Anyone can deploy DKIM, there is nothing unfair about the DKIM architecture.

The 'unfairness' that you appear to be complaining about is that DKIM solves a 
problem that only targets a relatively small number of Internet domains, 
although the effects of that attack are seen by everyone. 

Impersonation of a trusted brand is always going to assit a social engineering 
attack if this is possible.
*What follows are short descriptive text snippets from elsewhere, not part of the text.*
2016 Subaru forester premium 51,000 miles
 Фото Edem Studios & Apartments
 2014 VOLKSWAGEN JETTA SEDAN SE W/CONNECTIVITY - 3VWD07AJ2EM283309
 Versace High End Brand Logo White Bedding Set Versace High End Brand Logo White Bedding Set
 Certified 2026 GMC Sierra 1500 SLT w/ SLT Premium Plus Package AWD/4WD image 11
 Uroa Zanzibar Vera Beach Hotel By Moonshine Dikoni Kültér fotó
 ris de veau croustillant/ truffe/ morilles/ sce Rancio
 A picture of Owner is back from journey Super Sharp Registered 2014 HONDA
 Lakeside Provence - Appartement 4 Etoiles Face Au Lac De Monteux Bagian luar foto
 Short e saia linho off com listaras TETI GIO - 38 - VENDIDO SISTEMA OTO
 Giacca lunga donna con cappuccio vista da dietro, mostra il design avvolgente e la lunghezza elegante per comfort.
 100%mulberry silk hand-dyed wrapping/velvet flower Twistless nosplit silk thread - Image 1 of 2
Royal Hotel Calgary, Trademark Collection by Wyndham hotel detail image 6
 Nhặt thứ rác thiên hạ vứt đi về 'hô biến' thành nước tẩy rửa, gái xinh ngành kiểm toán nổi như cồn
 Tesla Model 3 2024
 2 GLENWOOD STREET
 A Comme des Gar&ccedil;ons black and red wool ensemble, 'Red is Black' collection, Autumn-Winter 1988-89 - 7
I do not understand the ideological calculus under 
which we should do nothing to protect consumers against attacks of this nature 
because we can't all have a trusted brand.

-----Original Message-----
From: Keith Moore [mailto:moore(_at_)cs(_dot_)utk(_dot_)edu] 
Sent: Thursday, October 04, 2007 3:39 PM
To: Hallam-Baker, Phillip
Cc: Fred Baker; ietf(_at_)ietf(_dot_)org
Subject: Re: Spammers answering TMDA Queries

Hallam-Baker, Phillip wrote:
Absolutely, and in fact I see mailing list management as a natural
early adopter for DKIM filtering.

the problem I have with DKIM filtering is that it is only 
effective for domains that can reasonably insist that all of 
the mail originated by
users at that domain go through that domain's submission 
servers.   this
is a corner case, not the general case.   sure the spammers will learn
to not use DKIM domains, but they'll just move to other 
domains, and the vast majority of domains won't be able to 
use DKIM without seriously impairing their users' ability to 
send mail.  of course, some of the large ISPs and MSPs like 
it that way. 

frankly I don't think IETF should have backed a proposal that 
was so unfairly biased toward a particular business model.